Compassion is Natural. So Why Is It So Hard for Us?
The short answer: Fear inhibits our natural compassionate instinct.
Thupten Jinpa Langri has been a principal English translator to the Dalai Lama since 1985. He has translated and edited more than ten books by the Dalai Lama including The World of Tibetan Buddhism (Wisdom Publications, 1993), A Good Heart: A Buddhist Perspective on the Teachings of Jesus (Wisdom Publications, 1996), and the New York Times bestseller Ethics for the New Millennium (Riverhead, 1999).
Thupten Jinpa Langri was born in Tibet in 1958. He received his early education and training as a monk at Zongkar Choede Monastery in Hunsur near Mysore, Karnataka, South India and later joined the Shartse College of Ganden monastic university, in Mundgod, Karnataka, South India, where he received the Geshe Lharam degree. He taught Buddhist epistemology, metaphysics, Middle Way philosophy and Buddhist psychology at Ganden for five years. Jinpa also holds a B.A. Honors degree in Western Philosophy and a Ph.D. degree in Religious Studies, both from Cambridge University, UK.

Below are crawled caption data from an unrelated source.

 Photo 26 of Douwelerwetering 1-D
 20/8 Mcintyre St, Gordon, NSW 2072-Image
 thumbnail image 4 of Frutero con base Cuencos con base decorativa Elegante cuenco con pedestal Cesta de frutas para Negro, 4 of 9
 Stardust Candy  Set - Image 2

From 1996 to 1999, he was the Margaret Smith Research Fellow in Eastern Religion at Girton College, Cambridge and he has now established the Institute of Tibetan Classics where he is both president and editor-in-chief of the Institute's translation series Classics in Tibet. He is also a member of the advisory board of the Mind and Life Institute, dedicated to fostering creative dialogue between the Buddhist tradition and Western science.
He is a Visiting Research Scholar at the Stanford Institute for Neuro-Innovation and Translational Neurosciences at Stanford University.

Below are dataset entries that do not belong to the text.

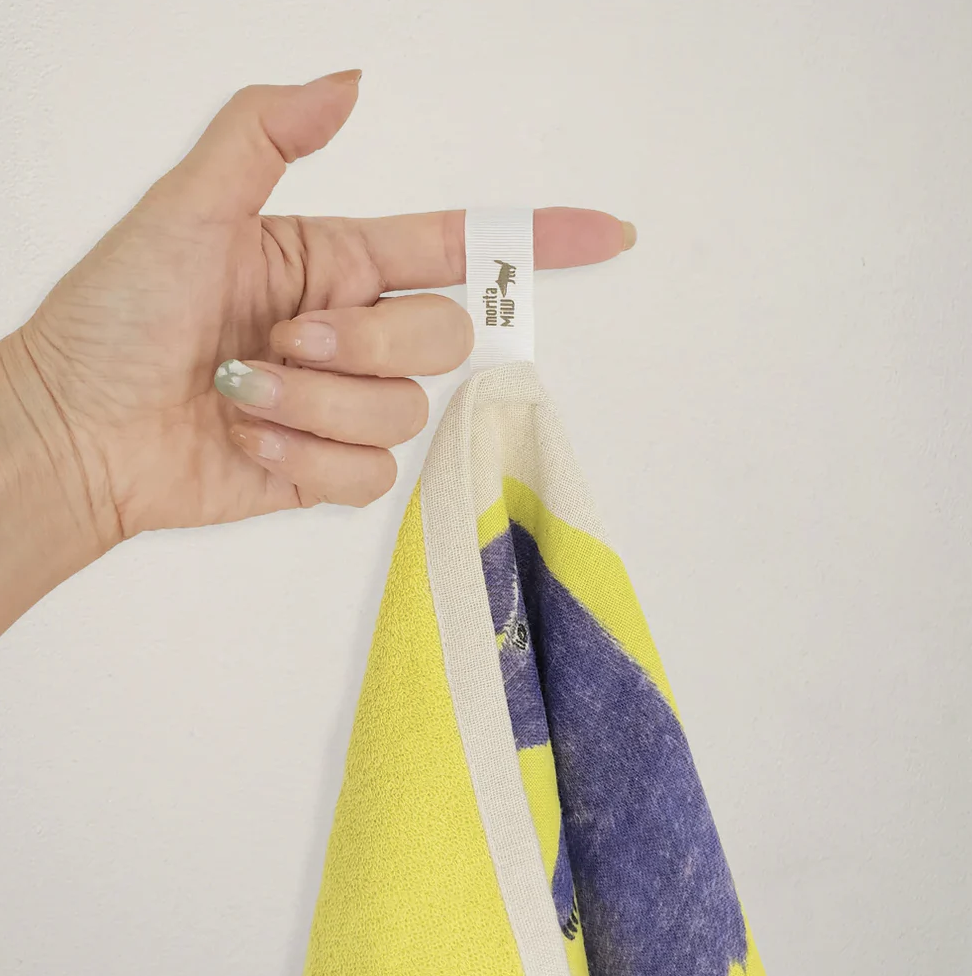 Screenshot 2026-04-04 at 14.57.44.png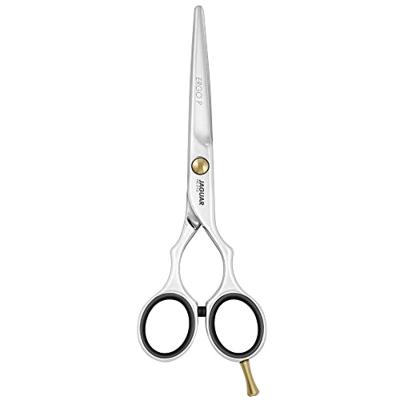 Jaguar Scissors Pre Style Ergo 5,5"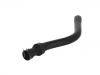 Durite de radiateur Radiator Hose:6466.LQ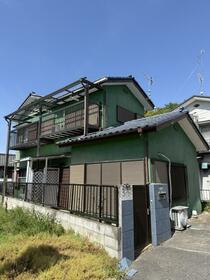 埼玉県大里郡寄居町大字赤浜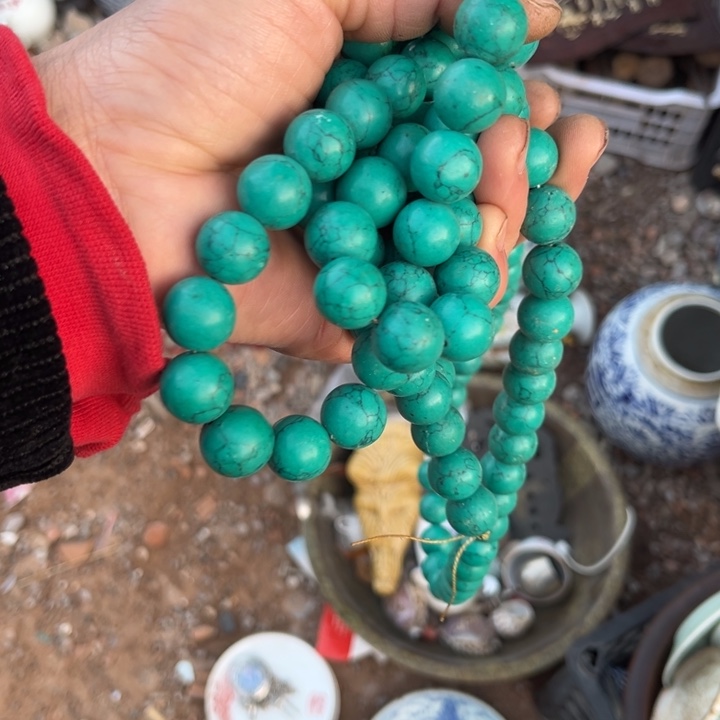 @***乐杂色豆（科檀/科特迪瓦檀木）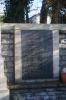 World War Two names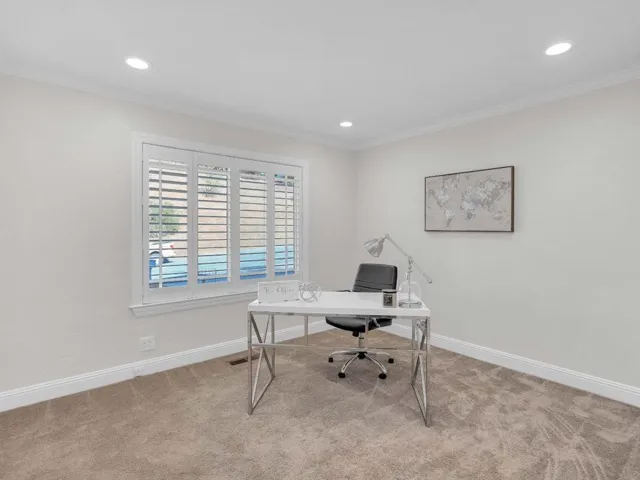 1570 Welburn Avenue, Gilroy, California 95020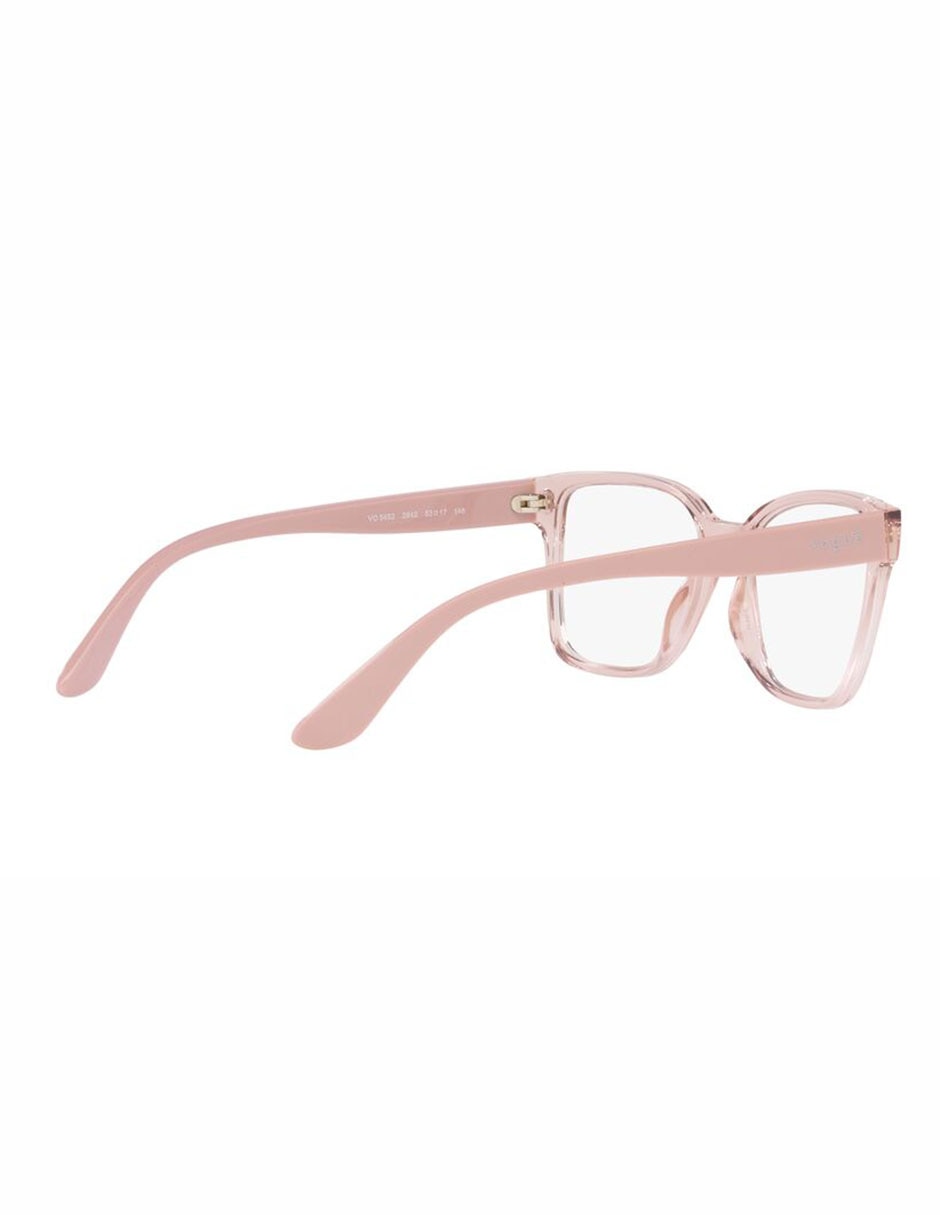 Armazón Evergreen para mujer 9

Geshe Thupten Jinpa has written many books and articles. His latest is A Fearless Heart: How the Courage to Be Compassionate Can Transform Our Lives.
Thupten Jinpa: I would define compassion in a nutshell as a natural sense of concern that arises in us in the face of someone who is in need or someone who is in pain. And accompanied by a kind of a wishing to see the relief or end of that situation and wanting to do something about it. So compassion is not just an emotional reaction. There is also a more motivational kind of element, which makes us want to do something about the situation. One of the interesting things about our contemporary modern society is that given the highly competitive nature of society and also the way in which we bring up our children and the way in which we ourselves grew up, which involved a huge amount of evaluation and judgment and comparison with others from a very, very early age. We have kind of internalized a certain kind of way of being in the world and perceiving our relationship with others. And that dynamic has created a certain kind of, you know, inhibitions against our natural compassionate instinct. So and these inhibitions really take primarily in the form of fear. So for example many people worry and are afraid that if they are too kind and too compassionate that other people will take advantage of them. They will see them as pushover or weak or losers. So that’s one type of fear that we bring.

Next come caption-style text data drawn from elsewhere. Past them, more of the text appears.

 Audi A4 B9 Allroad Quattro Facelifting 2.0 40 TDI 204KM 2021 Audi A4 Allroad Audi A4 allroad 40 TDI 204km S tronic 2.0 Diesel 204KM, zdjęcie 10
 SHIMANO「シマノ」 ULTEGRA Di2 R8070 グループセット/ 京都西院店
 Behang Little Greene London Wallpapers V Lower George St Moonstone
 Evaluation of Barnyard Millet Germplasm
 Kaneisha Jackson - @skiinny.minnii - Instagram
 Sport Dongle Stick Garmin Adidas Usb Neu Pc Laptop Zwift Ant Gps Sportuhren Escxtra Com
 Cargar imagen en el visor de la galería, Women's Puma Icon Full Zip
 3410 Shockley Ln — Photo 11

Another type of fear that we bring is that, you know, because in popular understanding of compassion it’s so dominated by compassion as an emotion, kind of a soft heart, tender heart, and so on. So people worry that if they allow their compassionate and kinder instinct to become more dominant in their way of interacting with the world and others, you know, somehow it might undermine their more rational, tougher side so that they may not be able to succeed in the life and compete. That’s another type of fear. And then sometimes in intimate relations, particularly, you know, between parents and children on the part of the parents sometimes we also worry that if we are too kind to our children, we might be spoiling them. They might become over dependent upon us and that somehow we will end up having to do everything for them. So these are various types of fear that we bring into our expression of natural compassionate instinct. And a lot of these are subconscious biases that we bring, you know. People may not necessarily sit down and think that’s what I’m going to do. But these are culturally acquired sensibilities and biases, which also makes us suspicious. When someone is being kind to us, compassionate towards us, we start wondering there must be a hidden agenda, you know. That person must want something from me. So it’s very unfortunate that these are various forms of culturally acquired fear that really undermines the expression of what is really natural to us as human being, which is the ability to connect with someone and the ability to relate to that person at a deeper level and have a much more open-hearted kind of interaction.
To paraphrase a common proverb: Show me a mean and callous person and I'll show you someone whose prior compassion got mistaken for weakness.
If we understand compassion to be the natural sense of concern that arises when we encounter someone in need of help, then the main inhibitor of our natural compassionate instinct is fear. Author Thupten Jinpa, who is perhaps most well-known as the long-time translator for the Dalai Lama, explains in this video interview that social fears and pressure often lead us to repress our compassionate inclinations. Among these fears is the feeling that someone will exploit your kindness, as well as the worry that compassion is most often linked to emotion and therefore leads to irrational thinking.
"It’s very unfortunate," says Jinpa, "that these various forms of culturally acquired fear really undermine the expression of what is really natural to us as human beings, which is the ability to connect with someone and the ability to relate to that person at a deeper level and have a much more open-hearted kind of interaction."